Compilation album by FUBU Records
- Released: September 25, 2001
- Recorded: 2001
- Genre: Hip hop, R&B
- Label: Universal
- Producer: Carl Brown

= The Good Life (FUBU album) =

The Good Life is a compilation album released by clothing company FUBU in conjunction with Universal Records. It was released on September 25, 2001 and consisted of a blend of hip hop and contemporary R&B. The Goodlife peaked at 52 on the Billboard 200 and 9 on the Top R&B/Hip-Hop Albums chart. FUBU Partner Carl Brown served as President of FUBU Records and Executive Producer of the album.

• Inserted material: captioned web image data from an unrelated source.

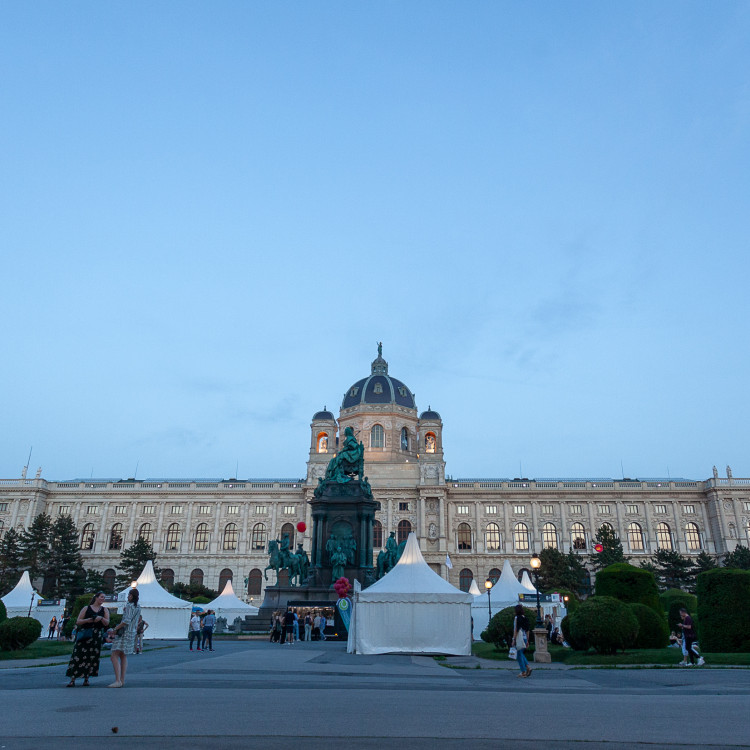 Vorschau Lange Nacht der Forschung 2022, Maria Theresien-Platz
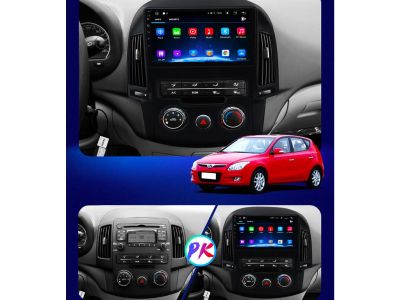 HYUNDAI I30 КЛИМАТИК 2006 - 2011 - 9'' НАВИГАЦИЯ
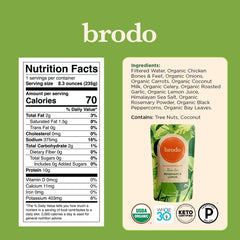 Coconut Curry & Lime bone broth pouch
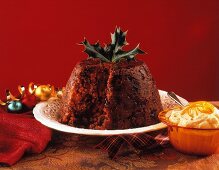 Christmas pudding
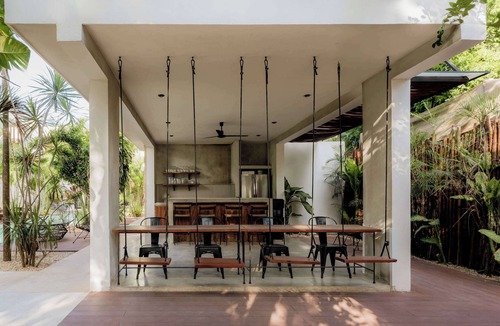 La Veleta House | Hacienda 21 | 6 Pools - Gym - Yoga - Fire Pit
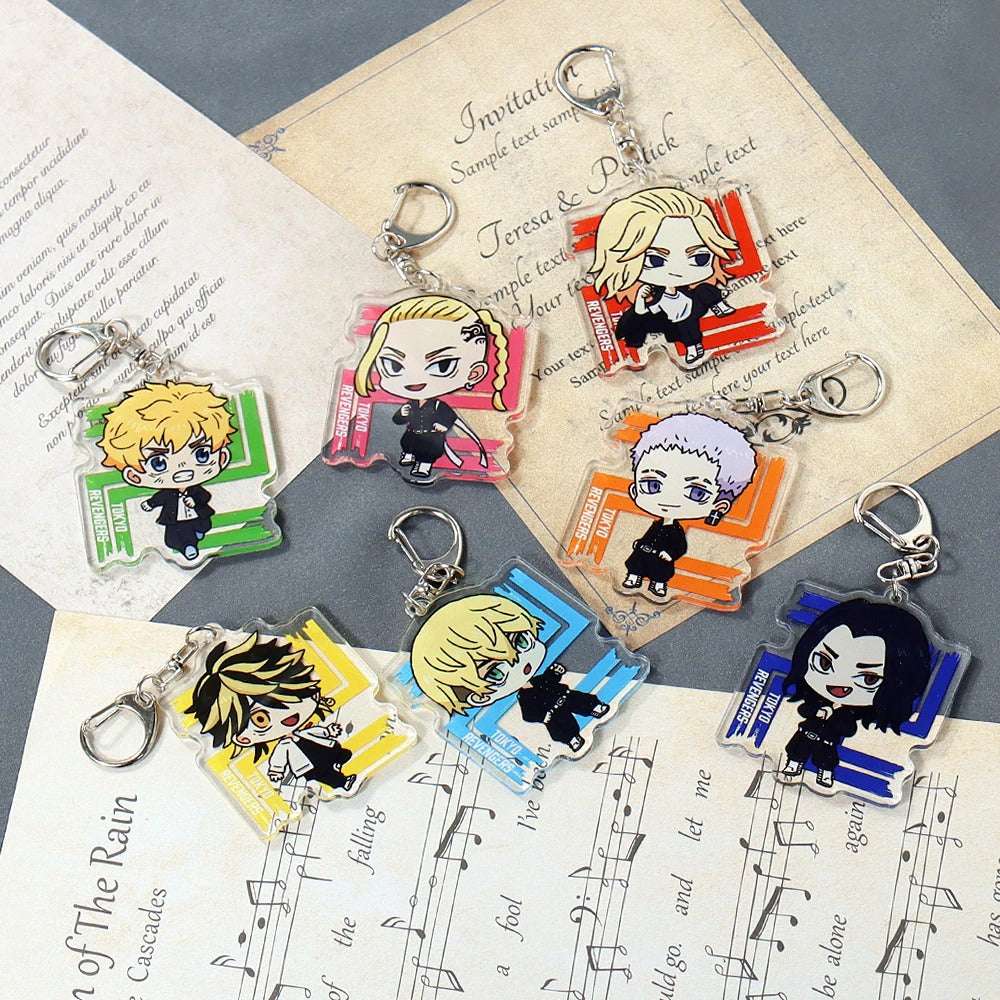 Tokyo Revengers Keychain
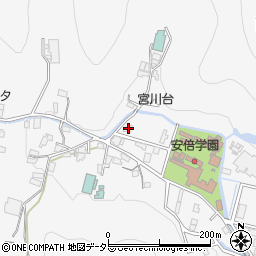 静岡県静岡市葵区慈悲尾194周辺の地図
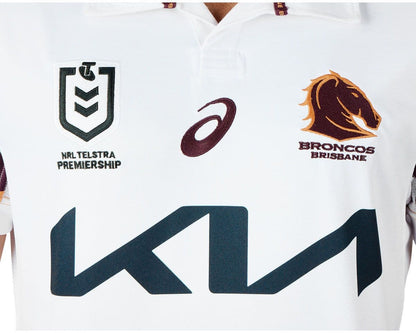 Brisbane Broncos 2025 NRL Mens Away Jersey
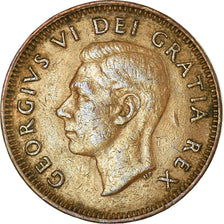 Moneta, Canada, George VI, Cent, 1948, Royal Canadian Mint, Ottawa, BB, Bronzo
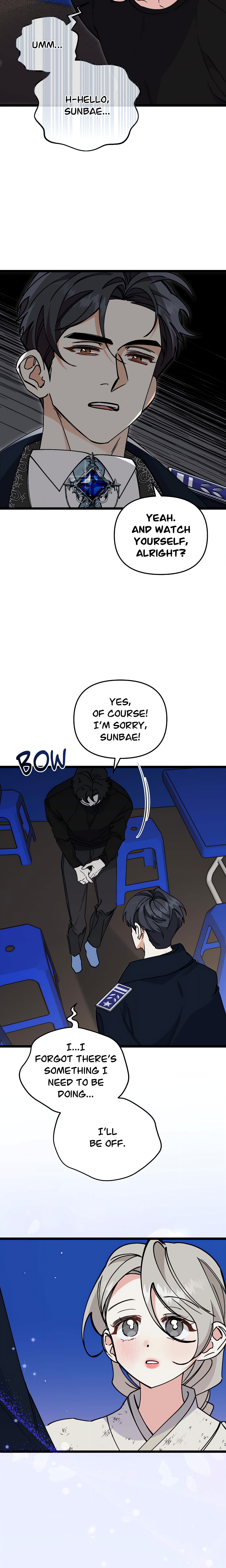 Nasty Fever (Official) chapter 35 page 11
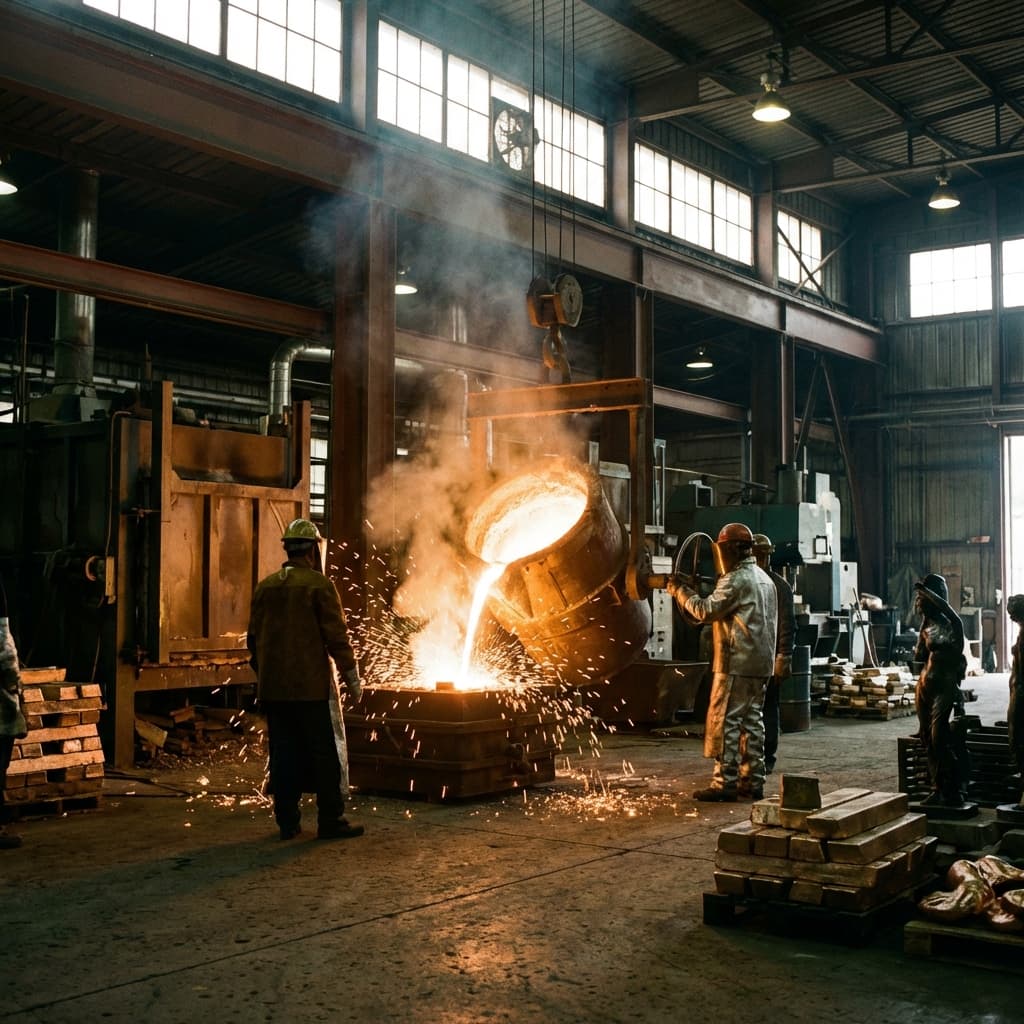 Fabrica Tecnobronze - Fundicao e Usinagem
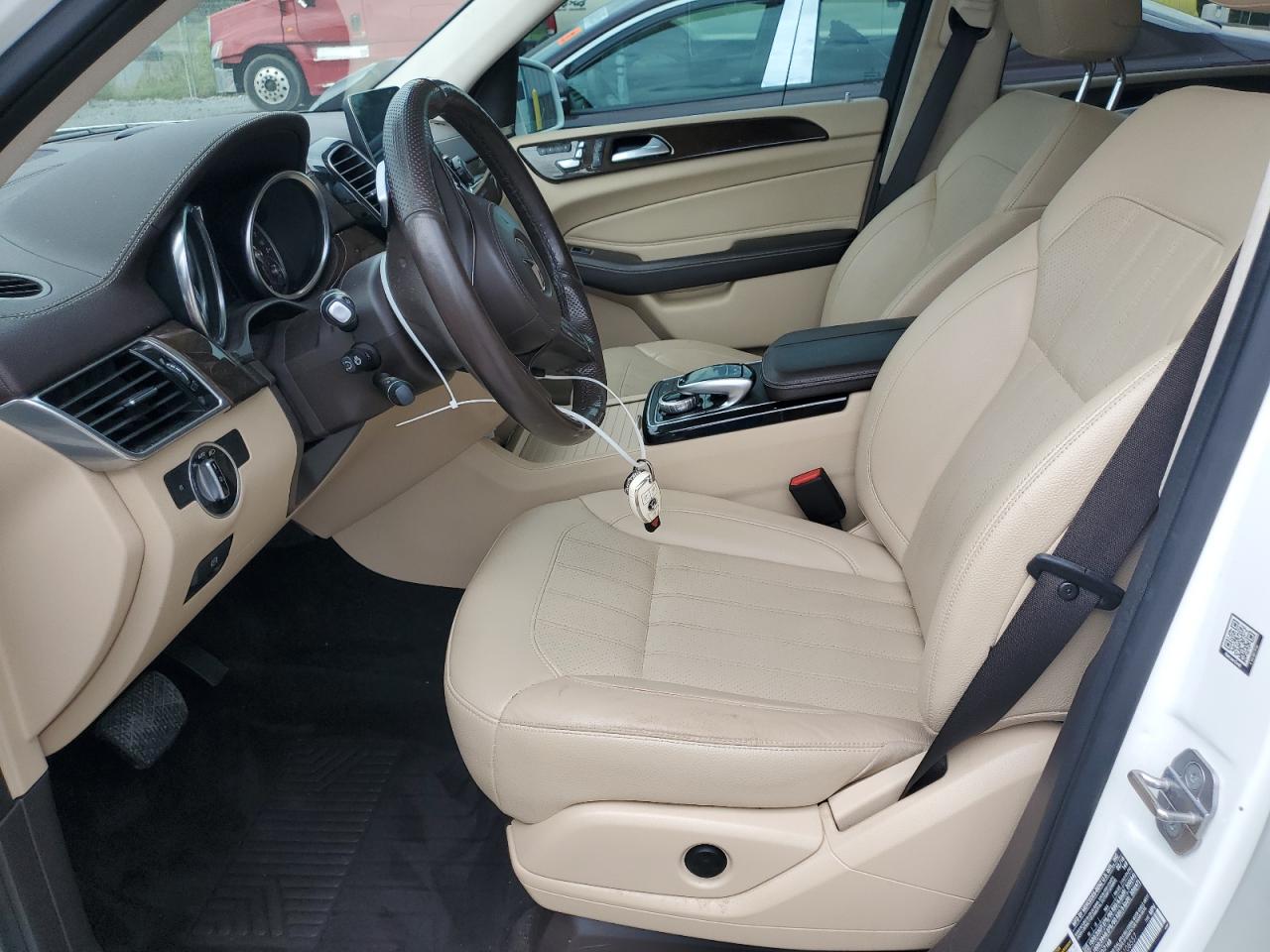 2018 Mercedes-Benz Gls 450 4Matic VIN: 4JGDF6EE5JB108557 Lot: 62907805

One charting single was released, "Fatty Girl" by Ludacris, LL Cool J and Keith Murray. It peaked at 87 on the Billboard Hot 100, 32 on the Hot R&B/Hip-Hop Songs and 6 on the Hot Rap Singles. The second single was "50 Niggaz Deep" by Drunken Master and Lola Damone.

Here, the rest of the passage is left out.